Le Rav Ovadia Yossef écrit qu’il faut dans ce cas faire Téchouva et augmenter le temps consacré à l’étude de la Torah. Grâce à cela, votre rêve n’aura aucune portée négative.
Il est ainsi possible de conclure que si l’on rêve de perdre ses dents, c’est en raison d’une étude insuffisante de la Torah. Je dois avouer que cela fait quelques années que je n’ai plus fait ce rêve, mais je reste prudent, car il m’arrive bien souvent de me casser les dents sur la difficulté de tel ou tel verset de la Torah.

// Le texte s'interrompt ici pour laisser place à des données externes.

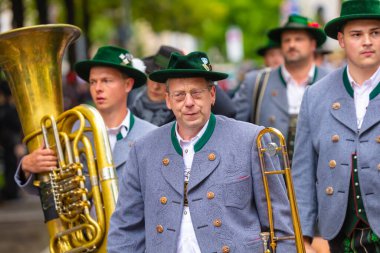 Ekim Festivali 'nin Trachten und Schtzenzug' u, Covid-19 'un Münih, Almanya' da geçirdiği iki yıldan sonra 2022 'de durdu.. 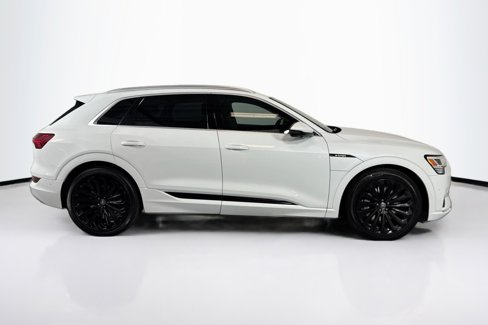 Used 2019 Audi e-tron Prestige w/ Prestige Package image 4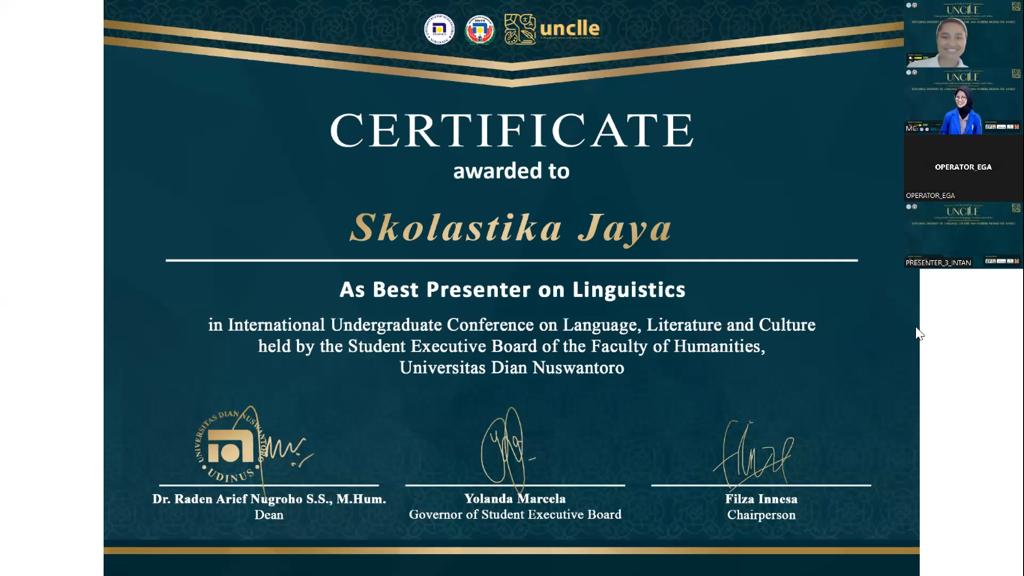 Penyerahan sertifikat best presenter on Linguistics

Cette paracha arrivant à son terme, il est temps de paraphraser ainsi Marc-Alain Ouaknin : « Il est maintenant prouvé que l’homme ne descend pas du singe. Non, l’homme descend du songe... »
Bon repos chabbathique ; et surtout : faites de beaux rêves...
[1] Celui qui était chargé de servir à boire à une divinité, à un roi, à un prince.
[2] Qui s’attache à l’action, aux aspects concrets d’une affaire, plutôt qu’à la théorie ; qui envisage avant toute chose l’utilité, l’efficacité.
[3] Le Choulhan Aroukh (hébreu : שולחן ערוך « table dressée ») est un code de Loi juive compilé par Joseph Karo au xvie siècle.